EXERCISE OBJECTIVE
Leave out the images and output the records word for word.

Records excerpted from a collection
--- START ---

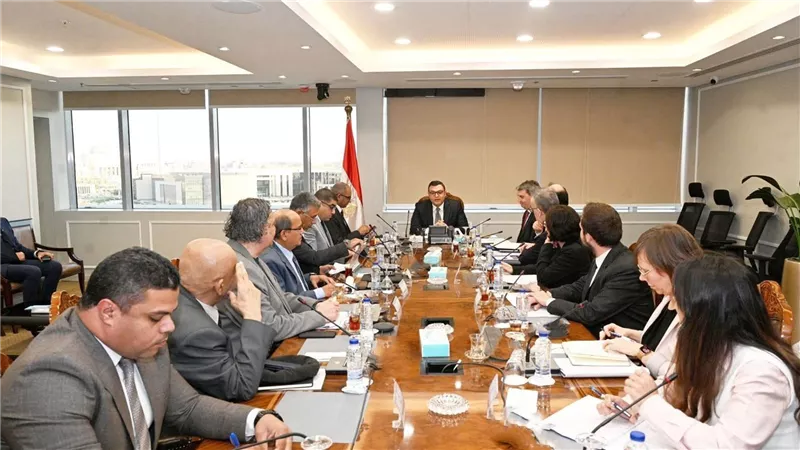 وزير الإسكان يبحث مع وفد بنك الاستثمار الأوروبي تعزيز التعاون ومتابعة المشروعات الجارية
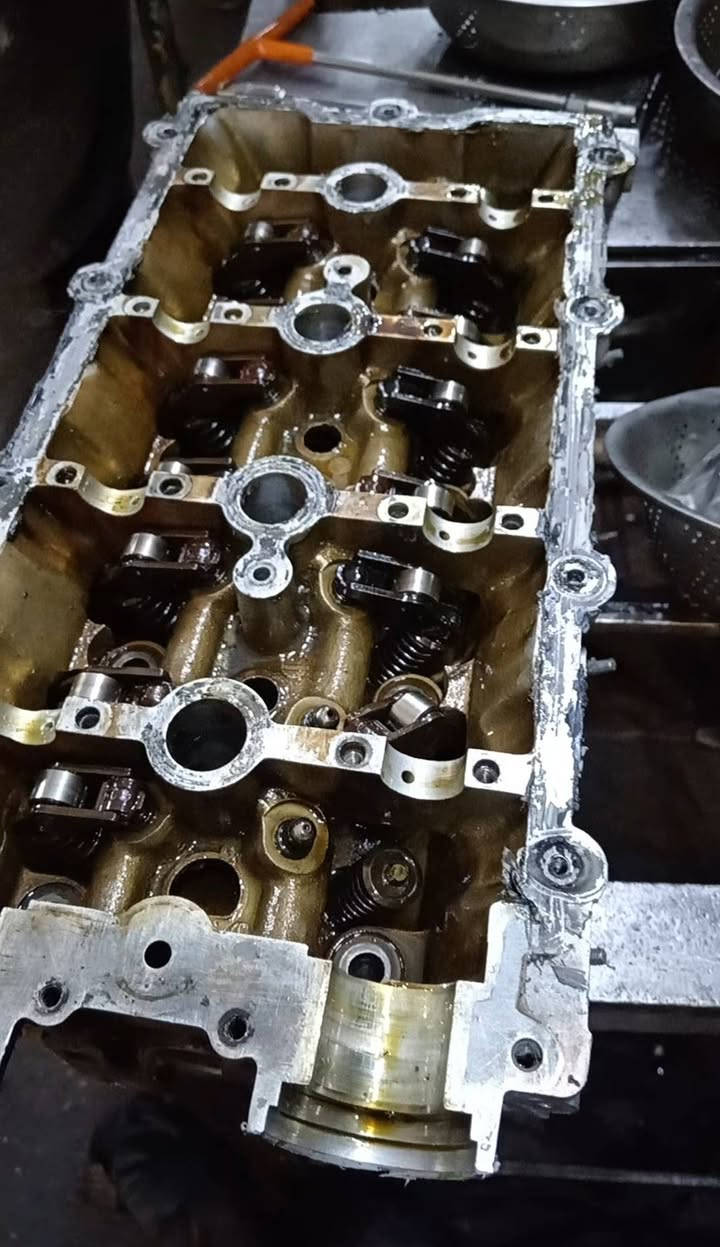 السلام عليكم ورحمة الله. A5 صاحبها مبدللها كازكيت وراها بفتره جابلياها معوجه ولفات والسبب ضاغطه مو اصليه شاديله هاي من غير الشغل التلزيك براغي الكام شفت مكطمه ونصهن مسحكه ويمنه ان شاء الله ماكو شي صعب رجعت الامور طيبه
مركز سمارت إنجن 
بغداد الدورة شارع 60 قرب افران اليسر
*********** _ ***********
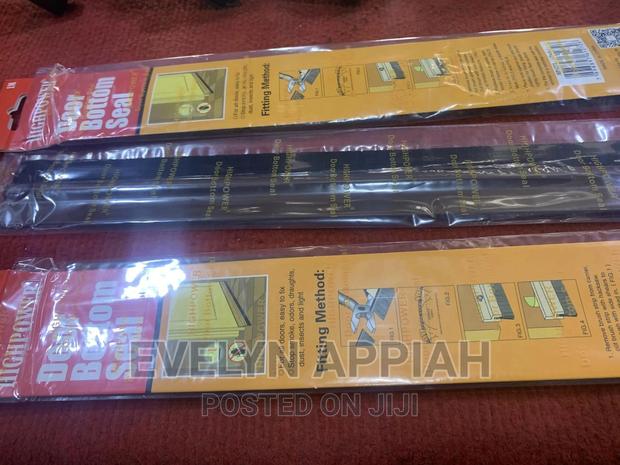 39" Door Brush · Photo 1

--- END ---

ANSWER SPACE
 وزير الإسكان يبحث مع وفد بنك الاستثمار الأوروبي تعزيز التعاون ومتابعة المشروعات الجارية
 السلام عليكم ورحمة الله. A5 صاحبها مبدللها كازكيت وراها بفتره جابلياها معوجه ولفات والسبب ضاغطه مو اصليه شاديله هاي من غير الشغل التلزيك براغي الكام شفت مكطمه ونصهن مسحكه ويمنه ان شاء الله ماكو شي صعب رجعت الامور طيبه
مركز سمارت إنجن 
بغداد الدورة شارع 60 قرب افران اليسر
*********** _ ***********
 39" Door Brush · Photo 1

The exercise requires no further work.